Endoscopic ultrasound-guided gastroenterostomy (EUS-GE) has emerged as a third option.
This approach allows endoscopists to create a gastrointestinal anastomosis, which
bypasses the obstruction using a lumen-apposing metal stent (LAMS) inserted and deployed
under EUS guidance. It has been increasingly utilized in recent years, and several
studies have demonstrated its favorable outcomes and safety risk profile [10 ]
[11 ]
[12 ]
[13 ]
[14 ]. Previous studies have directly compared the relative risks and benefits of EUS-GE
to surgical-GE and ES [15 ]
[16 ]
[17 ]
[18 ]
[19 ]
[20 ]
[21 ]
[22 ]. Most studies had a small sample size and they reported only short-term follow-up
from heterogeneous data compiled from large number of centers each contributing a
small number of patients, a potential confounding factor. We hypothesize that EUS-GE
can provide similar outcomes to surgical-GE in terms of luminal patency, but with
lower procedural-associated morbidity and can maintain a longer luminal patency period
with no excess risks compared to ES. Therefore, we conducted a large international
comparative study assessing treatment outcomes and AE of EUS-GE vs. ES and surgical-GE
for management of GOO.
Patients and methods
This was an international comparative retrospective cohort study of EUS-GE vs. ES
and surgical-GE for the treatment of GOO. Our cohort consisted of GOO cases from two
academic institutions (Mayo Clinic Rochester, n = 265, Universitair Ziekenhuis Brussel,
n = 171) between January 2002 and June 2021. This study was approved by the Mayo Clinic
Institutional Review Board (IRB 19-006760) and was conducted following the guidelines
outlined in the Declaration of Helsinki.
Patients were identified through the prospectively maintained clinical data repository
that allows case identification through its search functionality. Consecutive patients
were adults aged 18 years or older with GOO from either benign or malignant etiology
who underwent ES, EUS-GE, or surgical-GE. Excluded patients were those with surgically
altered upper gastrointestinal tract anatomy, insufficient medical records, or inadequate
follow-up to determine technical or clinical success. GOO was diagnosed by imaging
and/or endoscopy. Information on patient baseline characteristics, previous treatment
attempts (endoscopic balloon dilation or self-expandable stent placement [SEMS]),
GOO characteristics, treatment outcomes, and AEs was collected in a web-based secured
database. The functional status of patients with malignant GOO was determined using
Eastern Cooperative Oncology Group (ECOG) Performance Status. The severity of GOO
was determined according to the GOO symptom score system (GOOSS; 0 = no oral intake,
1 = liquid diet only, 2 = soft diet, and 3 = low-residue or full diet) [23 ]. Data were extracted up to the last date available in the medical record or the
date of death. Auditing of both centers’ databases was performed to ensure quality
and integrity.
EUS-GE procedure
All procedures were performed under general anesthesia. Different techniques of EUS-GE
were used at the discretion of the performing endoscopist, using 15-mm or 20-mm electrocautery-enhanced
LAMS (Hot AXIOS, Boston Scientific Corporation Inc., Marlborough, Massachusetts, United
States) for the creation of anastomoses. Technical details of these techniques have
been described in previously published studies [11 ]
[14 ]
[24 ]. In principle, a curved linear-array echoendoscope (EUS) was introduced into the
stomach. A segment of small bowel was identified by EUS, typically proximal jejunum,
and a LAMS was then advanced through the gastric and enteric wall into the small bowel,
where it was deployed. Advancement was facilitated by the electrocautery-enhanced
tip of the device and can be directly, without use of any guidewire or over-the-wire,
which was inserted through and following previous puncture by 19-gauge EUS needle.

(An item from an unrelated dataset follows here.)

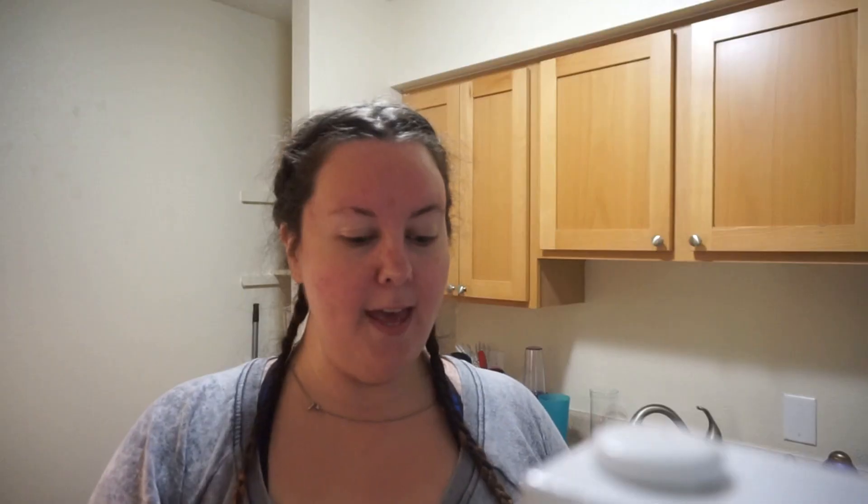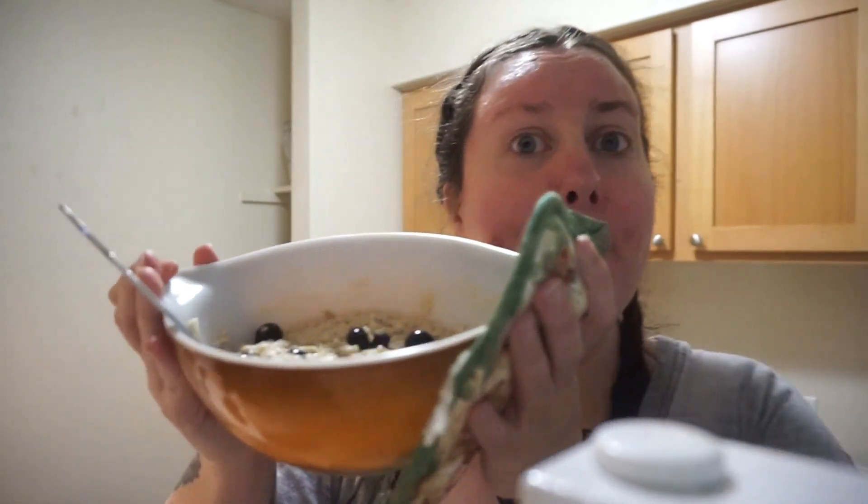So now let's give it a try. This smells really good. Let's try some just oatmeal first. Mmm, that's really good. Let's try some with a blueberry. Mmm, oh yeah. This is so good. And you can see it makes a huge amount of oatmeal, so this is definitely going to keep you full for a long, long time.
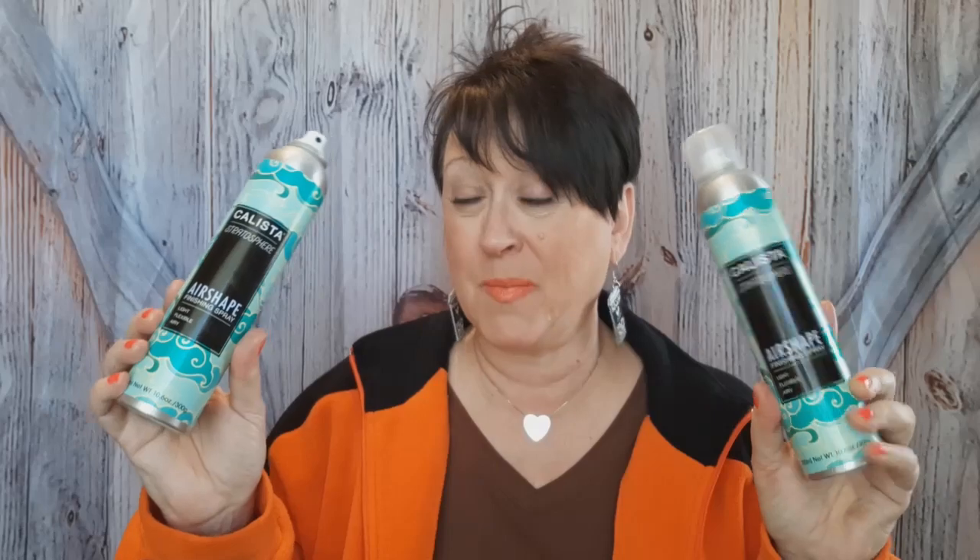This can is almost gone — I've had it for probably three months. You can tell I've used a lot of it. But it's good stuff. If you want body in your hair, and later the wind blows and you need to fix it, all you have to do is run your hands through it and it goes right back up. You can play with it and it'll stay where you put it.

In the vast majority of cases, EUS-coupling was enhanced by irrigation of the small
bowel behind the obstruction with saline, often mixed with contrast agent and thus
facilitating safe identification of an enteral segment suitable for creation of EUS-GE.
Such intralumenal injection of saline also allows sufficient distention of the small
bowel by creating a bigger target to advance the LAMS introducer into and it provides
enough space to deploy enteral flange of the LAMS. Irrigation was performed by using
various devices, including nasoenteral and oroenteral tubes, a double-balloon occlusion
tube in the so-called EPASS technique or a pediatric gastroscope inserted beyond the
obstruction in which this particular technique allows both irrigation of the small
bowel as well as retrograde visualization of the puncture and with the possibility
of grasping wire and thus stabilizing and securing the guidewire position. The procedure
was then performed with both the echoendoscope and pediatric gastroscope inserted
simultaneously. Less frequently, a balloon catheter technique was used, in which the
balloon expanded by saline represents the target for puncture and guidewire insertion,
whereas no saline is directly injected into the enteric lumen.
Surgical-GE procedure
Patients underwent surgery under general anesthesia in the standard surgical setting
of an operating room. Laparoscopic surgery was a preferred approach. If patients were
not eligible for a laparoscopic approach, they underwent exploratory laparotomy with
creation of gastroenterostomy.
ES procedure
The procedure was performed with a therapeutic gastroscope under general anesthesia.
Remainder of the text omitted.